Kein falsches Mitleid wegen Büdingen

Es kam, wie es kommen musste, das Thema Marienschlucht und Seeuferweg dominierte die gestrige Gemeinderatssitzung, denn – und das war einigen Gemeinderätinnen und -räten deutlich anzumerken – an diesem Spaziergang hängt viel Herzblut. Irgendwie gehört er einfach zu den natürlichen Rechten der Menschen in Bodman-Ludwigshafen, Allensbach und Konstanz, die ihn sich nicht nehmen lassen wollen. Außerdem würde die Stadt gern mit Hilfe von Airbnb illegalen Ferienwohnungen auf die Spur kommen.

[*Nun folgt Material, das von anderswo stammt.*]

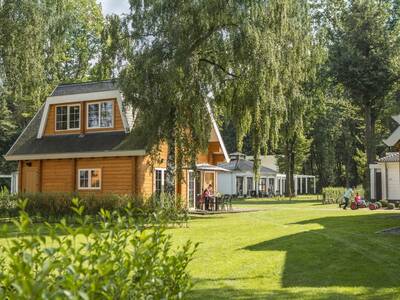 Vakantiehuizen aan een groot grasveld op vakantiepark Landal Mooi Zutendaal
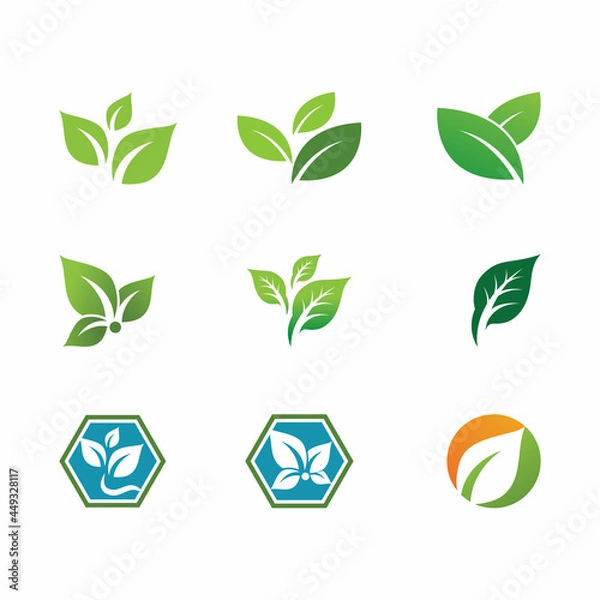 Fototapeta Leaf and Shutter Lens Aperture for Nature Photographer logo design inspiration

Matthias Weckbach, seines Zeichens Dauerbürgermeister von Bodman-Ludwigshafen, warb vor dem Konstanzer Gemeinderat eindringlich um Zustimmung zu einem gemeinsamen Vorgehen der drei Gemeinden, die für die Marienschlucht und den dort hin- (und natürlich auch wieder weg-) führenden Seeuferweg verantwortlich sind. Es ging dabei gestern nicht darum, tatsächlich mit den Baumaßnahmen zu beginnen, sondern um den vorgeordneten Schritt, erst einmal zu planen und untersuchen zu lassen, was dort überhaupt möglich und geboten ist. Ein Schritt, der die Stadt Konstanz mit maximal 100.000 Euro belasten soll.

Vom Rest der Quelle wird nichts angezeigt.